• [Instructions to follow]:
The answer is to be the lines below that lie between the line holding "Carnaval de São" and the line holding "Hyundai Kona SX2 — Фото автомобиля 2", inclusive, transcribed exactly and free of pictures.
[[ Data open ]]
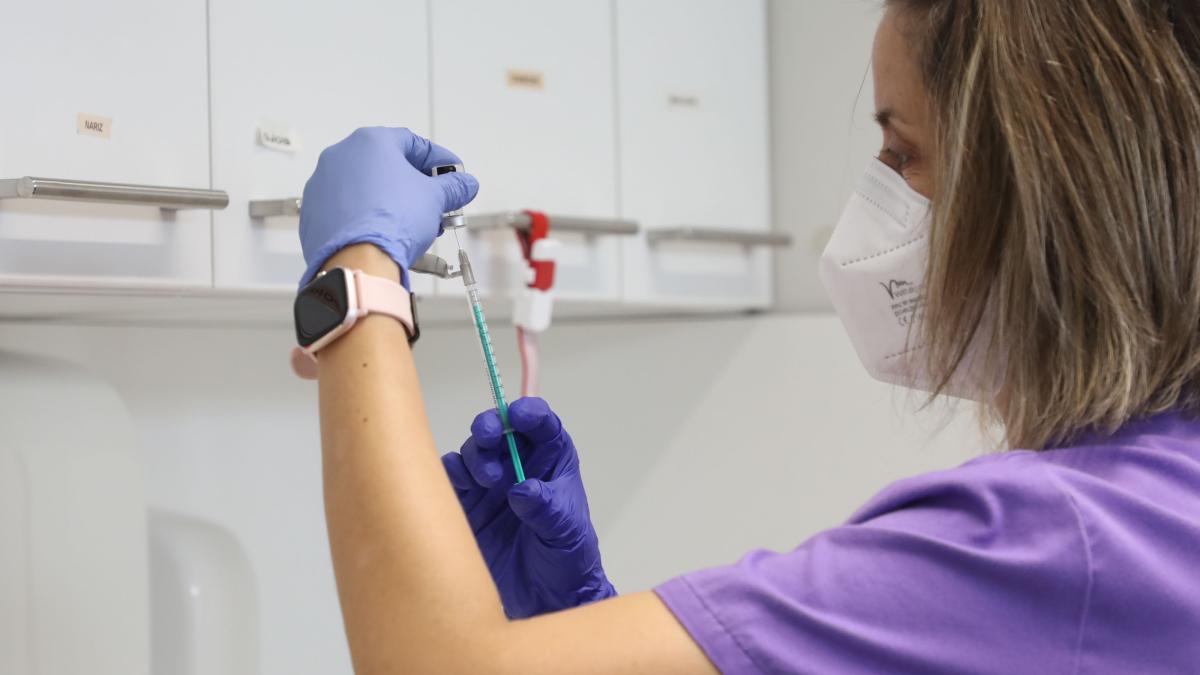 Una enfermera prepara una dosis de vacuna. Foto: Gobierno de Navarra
[[ Data closed ]]
[[ Data open ]]
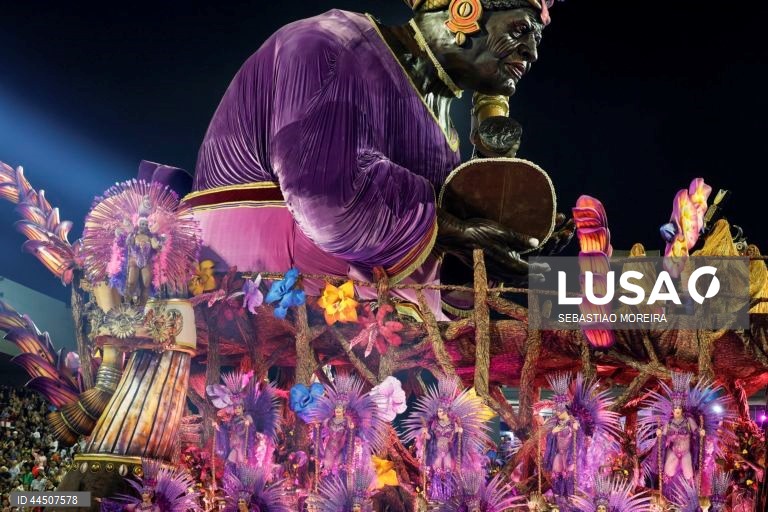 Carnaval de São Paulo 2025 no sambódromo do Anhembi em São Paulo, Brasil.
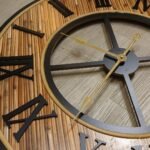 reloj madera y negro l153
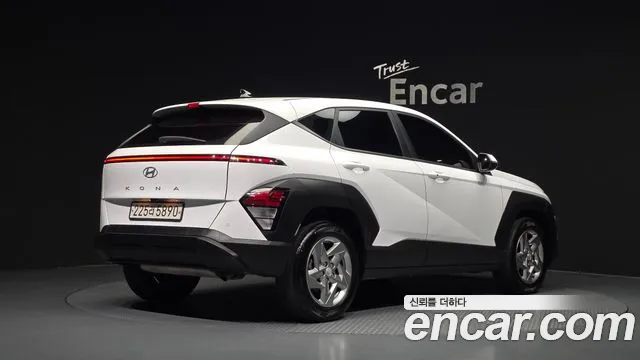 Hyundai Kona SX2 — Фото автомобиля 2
[[ Data closed ]]
[[ Data open ]]
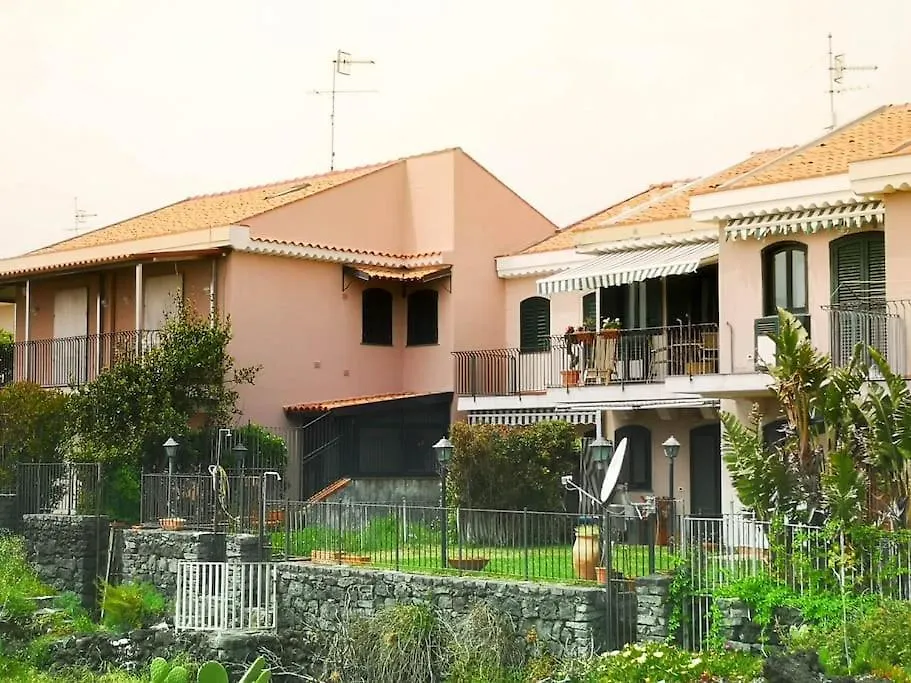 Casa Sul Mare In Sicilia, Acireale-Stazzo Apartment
[[ Data closed ]]
• [Result for this exercise]:
 Carnaval de São Paulo 2025 no sambódromo do Anhembi em São Paulo, Brasil.
 reloj madera y negro l153
 Hyundai Kona SX2 — Фото автомобиля 2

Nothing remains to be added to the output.